Normally I wouldn’t write myself a “Treatment” before writing a script, so much as an “Outline,” but since this is something I’m working on with producers, I wanted to write something more legible and more emotional than bullet points. This producer (like a lot of producers) told me they didn’t mind an outline, but in my experience, well-crafted prose in paragraphs (which is what a Treatment looks like) is always a smoother read for people than what I’m able to use as shorthand for myself in an outline. Always always always try to make the read as smooth as possible, and especially try to make the emotional experience of the movie as clear as possible. Any time I’ve ever shown someone an actual outline, we’ve gone back and forth about the tone and emotion of certain scenes for ages. If you can get away with it, I would always recommend turning in a more written Treatment than an Outline. (In features this is totally common, in TV it’s a little more likely you will in fact be asked for an Outline. Even there, though, I’d suggest you get more flowery rather than not flowery enough).
It’s a little more work, because you’re writing for an audience rather than simply “notes to self,” but, I find it’s particularly useful to ensure that each major moment in the screenplay will flow naturally into the next. It’s easy for an outline to end up not quite working from scene to scene, since you’re going from bullet points to a script with dialogue. But with a treatment, in my experience, it tends to be a little easier to stitch everything together, since you’ve already done the work of making things flow, and the treatment tends to by nature be a bit more flowery.
Now that I have a treatment, my instict is that even if there are things the producer bumps on or wants to change, the overall emotional flow of the film is coherent enough (and we have already basically agreed on enough of it) that any additional revisions can be absorbed into the draft as I’m working on it relatively easily. I also feel comfortable getting started before any notes because this is still something we’re doing on spec, if it were an assignment, I’d probably be more diligent about waiting for each step to complete (and each check to clear) before moving on to the next phase.

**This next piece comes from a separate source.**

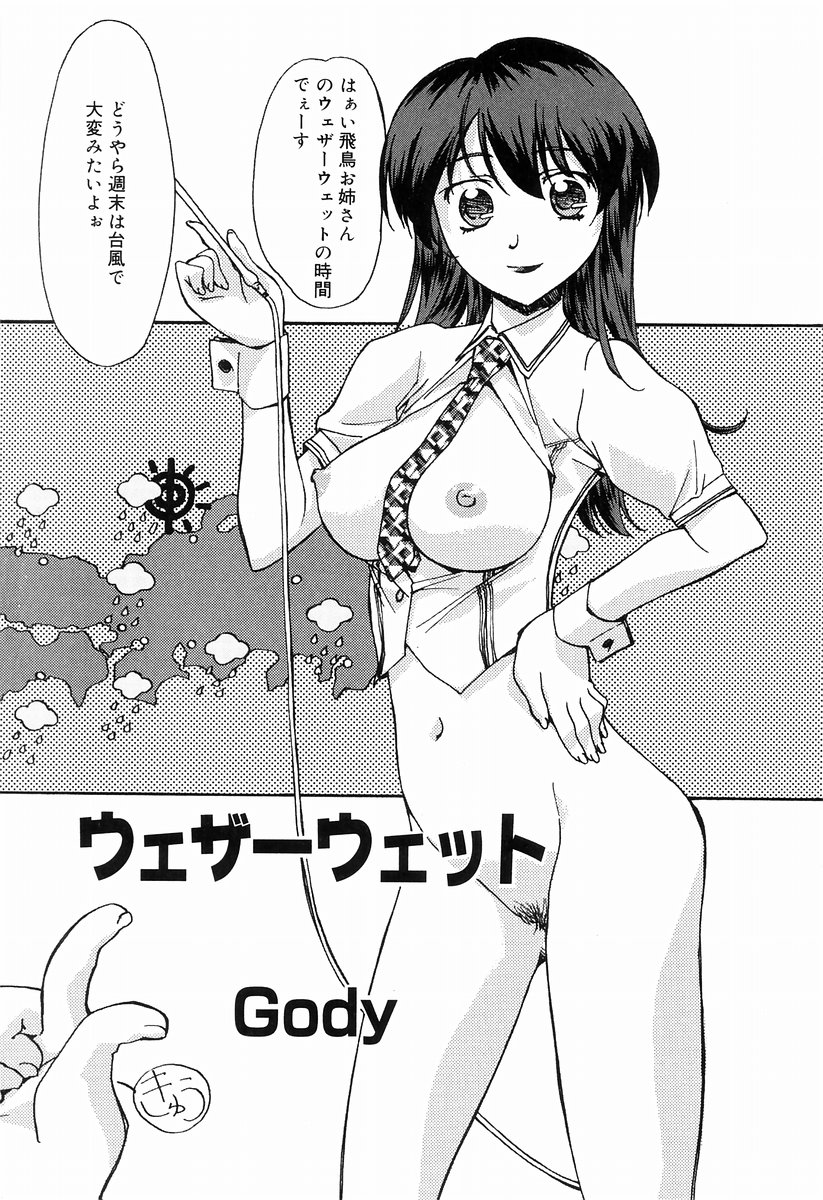 Sister Act page 7 full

So this morning I’m trying to get this post out the door to you and then get about 5 pages into the draft! I have that marked out in my calendar as taking the next five weeks or so, so I’ll keep you posted on my progress in the weeks to come. I’m going to write the first draft in Highland, then when I have a decent draft I’ll probably move that file over into Final Draft. Why? I like the ability to convert my outline in Highland directly into a draft, and I like the interface better for typing quickly. But, since revisions tend to be tracked for actual production in Final Draft, I’ve just gotten used to doing my revisions there. Weird? Maybe! But that’s my process.
In addition to the new screenplay, I have another treatment on something I owe to another producer, and then am simply waiting to be told about when and where pitches have been set for a pitch I developed with a director.
Then I’ve got a directorial debut in the works. It’s still very early days for that one, but we’re at the phase of the project where we get to talk about independent film’s age old dilemma. Every movie you’ve ever seen has at some point gone through this “Which comes first, the chicken or the egg?” style bind. You can’t cast a movie without money, but you can’t get money without a cast. How do most independent films get past this conundrum? Well… something’s gotta give. The first and easiest way to get through is to cast someone you know, or your producer knows, or your cousin knows. So had a fun call today with producers about who we’d want for this movie, and how to go about getting those people.
Speaking of independent film, I really want to highlight a recent favorite of mine: Zia Anger’s “My First Film.” As a piece of meta-fiction, Anger’s created a film about making and abandoning her first film (something that can in fact happen, and happens to more people than you might think). As someone who did once make a film at the age of 21 that is entirely unwatchable today (phew), this obviosly really hit for me. But I think it’s a really great piece of filmmaking either way, and captures the chaos and stress and magic of making a movie, or making just about any piece of collaborative art. It’s really a beatiful film and I fully cried watching it, and I cannot recommend it enough!